TESTIP=   :: router ip address                        

ping -c4 ${TESTIP} > /dev/null 
:: -c4 = Stop after sending (and receiving) 4 count ECHO_RESPONSE packets
:: ${} = not sure what the curly brackets are?
:: /dev/null = throw away any error messages  

if [ $? != 0 ]  ::$?= return value is not equal to zero, i.e. good wifi                            
    logger -t $0 "WiFi seems down, restarting" 
    ::logger = log to file, can not find any messages in the syslog or messages files 
    :: -t = tag
    :: $0 = DO NOT UNDERSTAND!! how can there be a variable called "0"?

    ifdown --force wlan0   :: disables the wifi interface                 
    ifup wlan0   ::enable it again                            
    logger -t $0 "WiFi seems up."           

Iv'e tested this script on my pi, by running it every min, but cannot see any messages in the logs from the script. I can however see it being called by the cron.

  • 1
    I think $0 is the first argument. So I think you should call it with ./script-file.sh tag-name.
    – Gerben
    Jul 1, 2014 at 18:38

1 Answer 1


Let's say that you have named this script wifitest.sh. Below is a valid shell-script with comments.

# set TESTIP variable to the IP address of the gateway

# Send four (-c4) ICMP echo-request ("ping") packets to the the
# gateway address ($TESTIP), discarding the standard output (by
# redirecting to the file /dev/null, which is a blackhole)
# ${TESTIP} is equivalent to $TESTIP
ping -c4 ${TESTIP} > /dev/null

# the ping command returns an exit code:
# - 1 if no ICMP echo-reply packets were received at all
# - 2 on other errors
# - 0 otherwise (that is, on success)
# The exit code of the last command is stored in the special variable
# $?. The '[' command tests for a condition, in the following case
# it tests whether the exit code is non-zero (an error occurred)
if [ $? != 0 ]
    # No ping replies were received. Assume that the Wi-Fi connection
    # is dead, and try to restart it.

    # 'logger' is a command that registers a message to the system
    # logger ("syslog"). It uses the script name (stored in $0) as
    # tag ('-t'). In the syslog you will then probably find:
    # wifitest.sh: WiFi seems down, restarting
    logger -t $0 "WiFi seems down, restarting"

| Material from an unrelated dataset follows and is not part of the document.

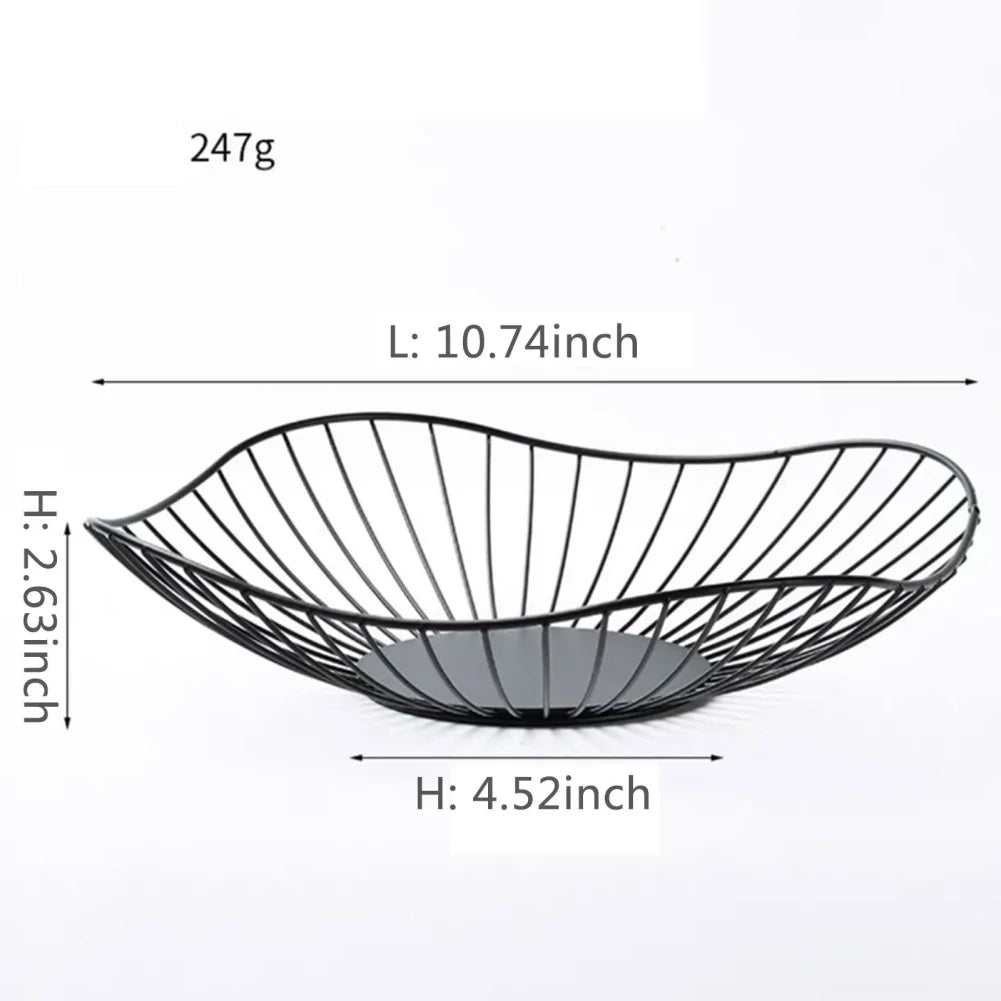 Multi Size Metal Fruit Basket Iron Snack Bread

    # Here follows a "restart" of the network interface.
    # Bring the network interface "wlan0" down...
    ifdown --force wlan0
    # ...and bring it up again, hopefully it gets configured automatically.
    ifup wlan0
    # At least one ICMP reply was received, register this to the syslog,
    # again using the tag equal to the script name ($0)
    logger -t $0 "WiFi seems up."           

If you would like to learn more about a command, execute the shell command man <command>, for example man ping to learn more about the -c option. For information about the constructs $0 and $?, read the manual page of bash.

The logger command sends messages to the syslog, so you should have a syslog daemon running. On Debian-like systems, you can probably find your logs in /var/log/syslog.